Developed at:
University of Tokyo, Department of Computer Science,
Tsujii laboratory

Version 2.1

Overview

Enju is an implementation of a parsing algorithm for probabilistic unification-based grammars. With a wide-coverage probabilistic HPSG grammar [1,2,3] and an efficient parsing algorithm [4,5], this parser can effectively analyze the syntactic/semantic structure of an English sentence and provide the user with predicate-argument relations among the words. Those outputs would be especially useful for high-level NLP applications including information extraction, automatic summarization, and question answering, where the "meaning" of a sentence plays a central role. The main features of the parser are the following:

How to install Enju

Installation with RPM packages

1. Download the latest package for your particular platform from here (enju-X.X-PLATFORM.rpm). Currently, the following platforms are supported:

2. Install the package.

> su
> rpm -i enju-X.X-PLATFORM.rpm

Installation with binary packages

1. Download the latest package for your particular platform from here (enju-X.X-PLATFORM.tar.gz). Currently, the following platforms are supported:

2. Install the package.

Expand the archive into a directory you would like to install Enju ($DIR indicates the directory in what follows).

> cd $DIR
> tar xvzf enju-X.X-PLATFORM.tar.gz

3. Set environmetal variables.

If you are using bash,

> export LILFES_PATH=$DIR/share/liblilfes
> export ENJU_DIR=$DIR/share/liblilfes/enju

If you are using tcsh,

> setenv LILFES_PATH $DIR/share/liblilfes
> setenv ENJU_DIR $DIR/share/liblilfes/enju

Also, you need to make sure that $DIR/bin is included in the execution paths.
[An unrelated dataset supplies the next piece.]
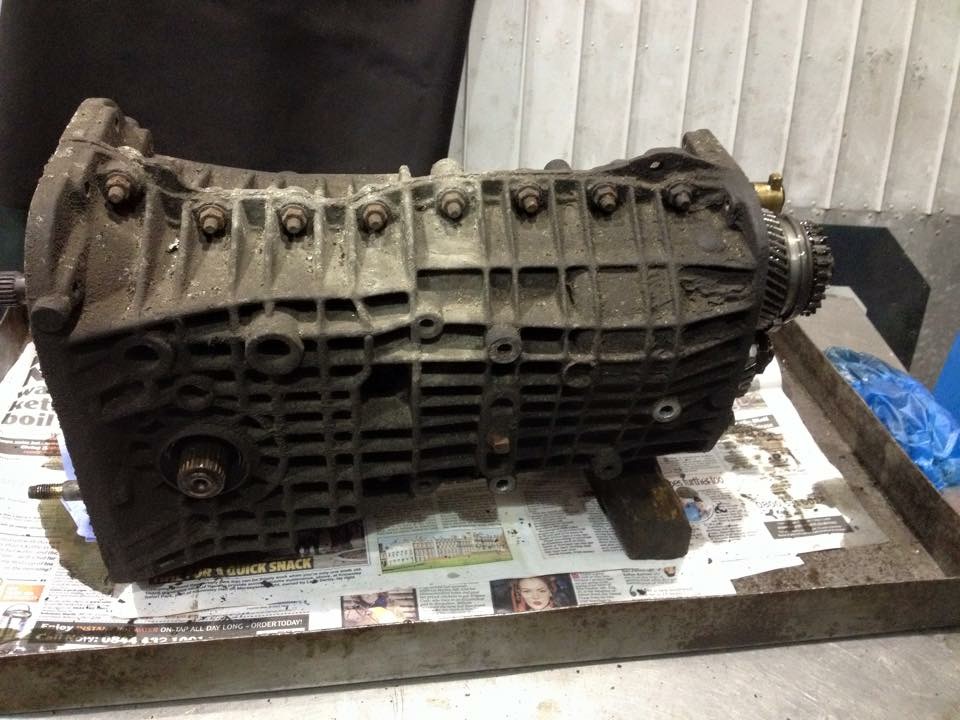 Lotus Esprit Renault UN1 Gearbox in for rebuild at Esprit Engineering - Gearbox Rebuilding Service - V8 S4S S4 SE X180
Installation with the source package

1. You need to install LiLFeS before installing Enju.

2. Download the latest package of Mayz from here.

3. Install Enju.

> tar xvzf mayz-x.x.tar.gz
> cd mayz-x.x
> ./configure
> make install-enju

4. Download the grammar file from here.

5. Install the grammar data.

> tar xvzf enju-x.x-data.tar.gz
> mv DATA /usr/local/share/liblilfes/enju/

How to use Enju

If you want to parse tokenized texts with part-of-speech tags,

> enju -t cat < TAGGEEDTEXT > RESULTS

Enju has a tokenizer and a general-purpose part-of-speech tagger, so if you want to parse raw texts (having one sentence per line),

> enju -t uptagger < RAWTEXT > RESULTS

The default output of the parser is a set of predicate-argument relations. Alternatively, you can get both the phrase structures and predicate-argument relations either in a quasi-XML format or in a standoff format.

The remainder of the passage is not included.